AmrZ Regulates Swarming Motility Through Cyclic di-GMP-Dependent Motility Inhibition and Controlling Pel Polysaccharide Production in PA14.

作者信息

Hou Lingli, Debru Alexander, Chen Qianqian, Bao Qiyu, Li Kewei

机构信息

Department of Microbiology and Immunology, Key Laboratory of Laboratory Medicine, Ministry of Education, School of Laboratory Medicine and Life Sciences, Wenzhou Medical University, Wenzhou, China.

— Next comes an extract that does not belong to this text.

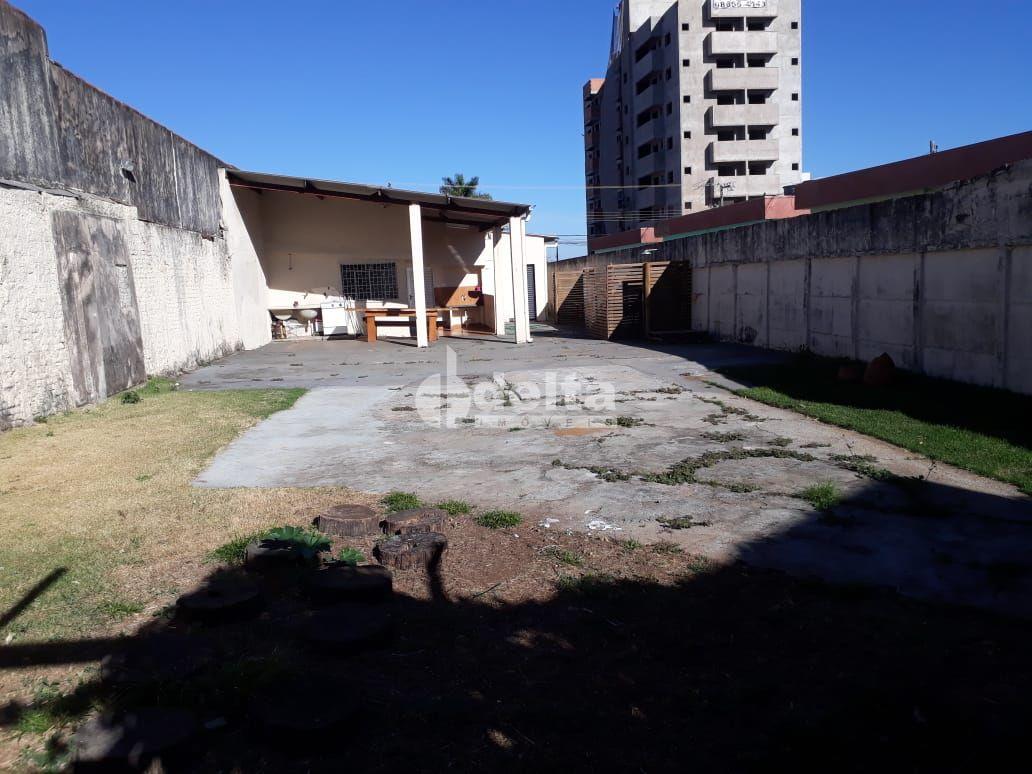 Comprar Casa Residencial / Padr&atilde;o em Uberl&acirc;ndia R$ 700.000,00 - Foto 20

Scientific Research Center of Wenzhou Medical University, Wenzhou, China.

出版信息

Front Microbiol. 2019 Aug 14;10:1847. doi: 10.3389/fmicb.2019.01847. eCollection 2019.

Abstract

Swarming is a surface-associated motile behavior that plays an important role in the rapid spread, colonization, and subsequent establishment of bacterial communities. In , swarming is dependent upon a functional flagella and aided by the production of biosurfactants. AmrZ, a conserved transcription factor across pseudomonads, has been shown to be a global regulator of multiple genes important for virulence and ecological fitness. In this study, we expand this concept of global control to swarming motility by showing that deletion of results in a severe defect in swarming, while multicopy expression of this gene stimulates swarming of . Mechanistic studies showed that the swarming defect of an mutant does not involve changes of biosurfactant production but is associated with flagellar malfunction. The ∆ mutant exhibits increased levels of the second messenger cyclic di-GMP (c-di-GMP) compared to the wild-type strain, under swarming conditions. We found that the diguanylate cyclase GcbA was the main contributor to the increased accumulation of c-di-GMP observed in the ∆ mutant and was a strong inhibitor of flagellar-dependent motility. Our results revealed that the GcbA-dependent inhibition of motility required the presence of two c-di-GMP receptors containing a PilZ domain: FlgZ and PA14_56180. Furthermore, the ∆ mutant exhibits enhanced production of Pel polysaccharide. Epistasis analysis revealed that GcbA and the Pel polysaccharide act independently to limit swarming in Δ. Our results support a role for AmrZ in controlling swarming motility, yet another social behavior besides biofilm formation that is crucial for the ability of to colonize a variety of surfaces. The central role of AmrZ in controlling these behaviors makes it a good target for the development of treatments directed to combat infections.

摘要

群体游动是一种与表面相关的运动行为,在细菌群落的快速传播、定殖及随后的建立过程中发挥着重要作用。在[具体情境未提及]中,群体游动依赖于功能性鞭毛,并受生物表面活性剂产生的辅助。AmrZ是一种在假单胞菌中保守的转录因子,已被证明是对毒力和生态适应性重要的多个基因的全局调节因子。在本研究中,我们通过表明[基因名称未提及]的缺失导致群体游动严重缺陷,而该基因的多拷贝表达刺激[菌株名称未提及]的群体游动,将这种全局控制的概念扩展到群体游动性。机制研究表明,[基因名称未提及]突变体的群体游动缺陷不涉及生物表面活性剂产生的变化,而是与鞭毛功能障碍有关。与野生型菌株相比,在群体游动条件下,∆[突变体名称未提及]突变体表现出第二信使环二鸟苷酸(c-di-GMP)水平升高。我们发现,双鸟苷酸环化酶GcbA是在∆[突变体名称未提及]突变体中观察到的c-di-GMP积累增加的主要贡献者,并且是鞭毛依赖性运动的强抑制剂。我们的结果表明,GcbA依赖性的运动抑制需要存在两个含有PilZ结构域的c-di-GMP受体:FlgZ和PA14_56180。此外,∆[突变体名称未提及]突变体表现出Pel多糖产量增加。上位性分析表明,GcbA和Pel多糖独立作用以限制Δ[相关菌株名称未提及]中的群体游动。我们的结果支持AmrZ在控制群体游动性中的作用,群体游动性是除生物膜形成之外的另一种社会行为,对[细菌名称未提及]定殖各种表面的能力至关重要。AmrZ在控制这些行为中的核心作用使其成为开发针对[细菌名称未提及]感染的治疗方法的良好靶点。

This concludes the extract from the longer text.